Aim of the task »
Find the line with "Students from Porto singing Desfado" in the records below. Output exactly from there until after the line with "Biustonosz miękki czarny, przecena 50%", without pictures.

Extracted information »

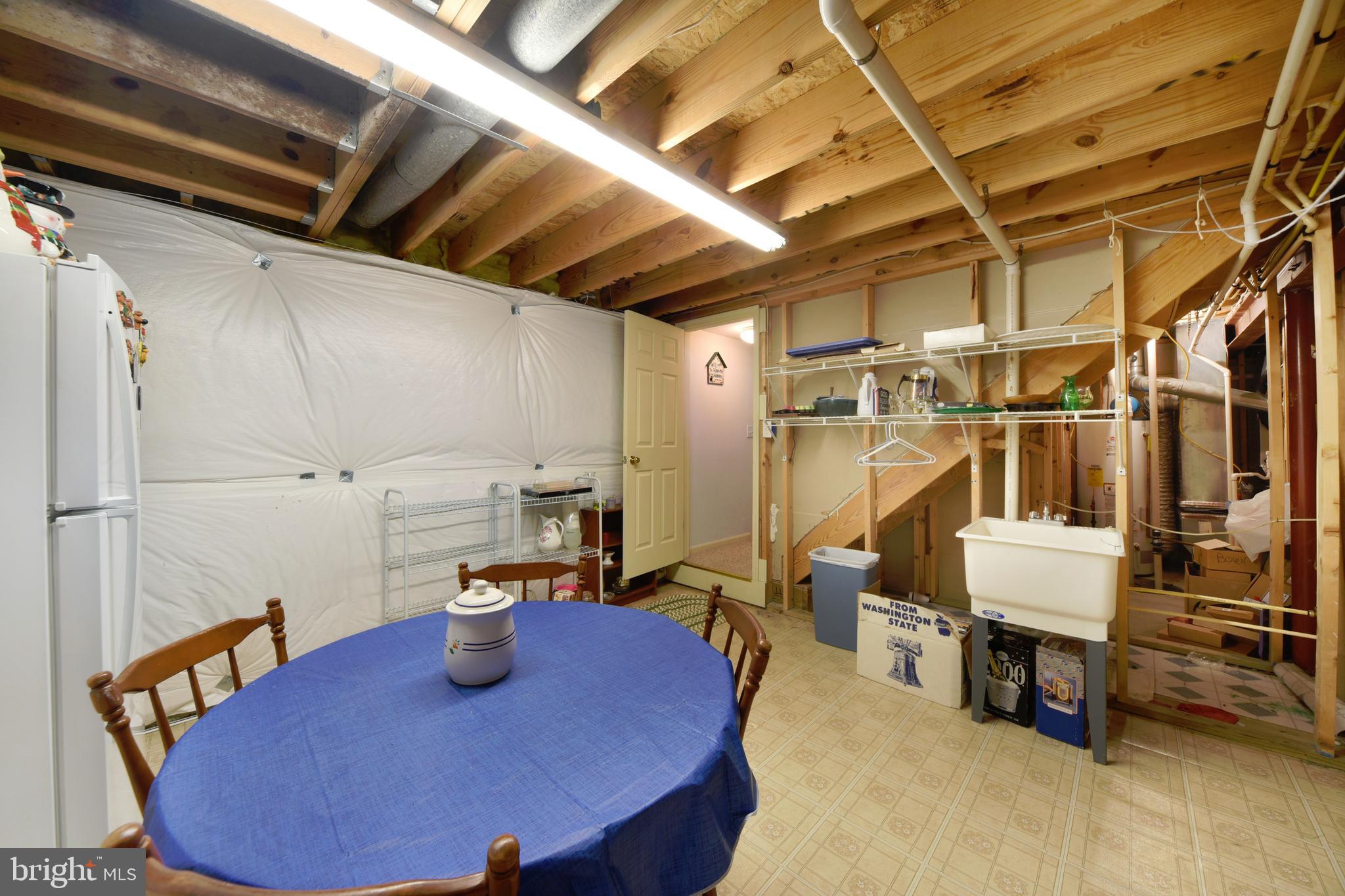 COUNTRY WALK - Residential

==

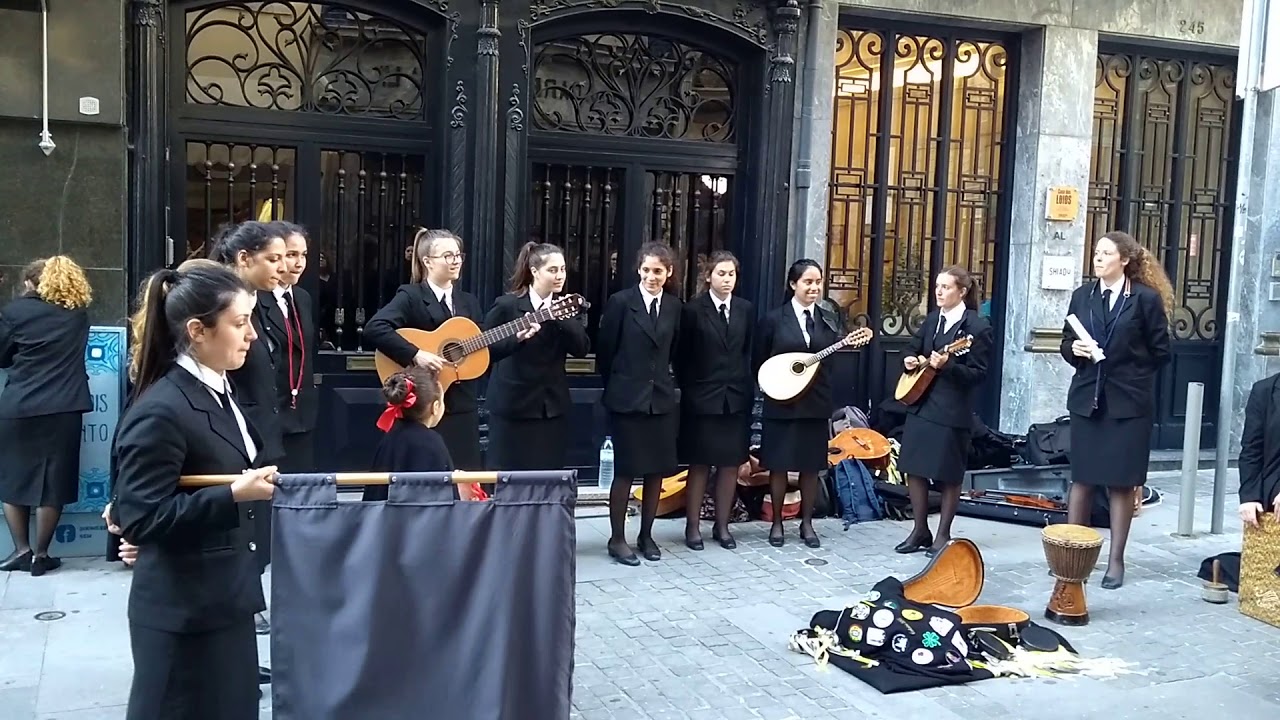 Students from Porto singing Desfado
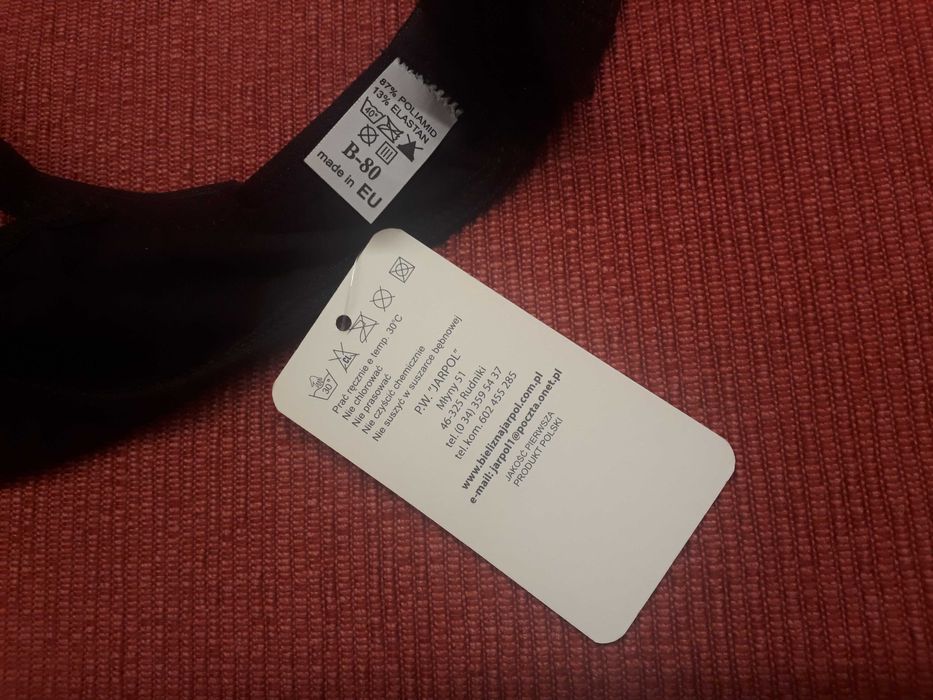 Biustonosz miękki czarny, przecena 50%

Response to this exercise »
 Students from Porto singing Desfado
 Biustonosz miękki czarny, przecena 50%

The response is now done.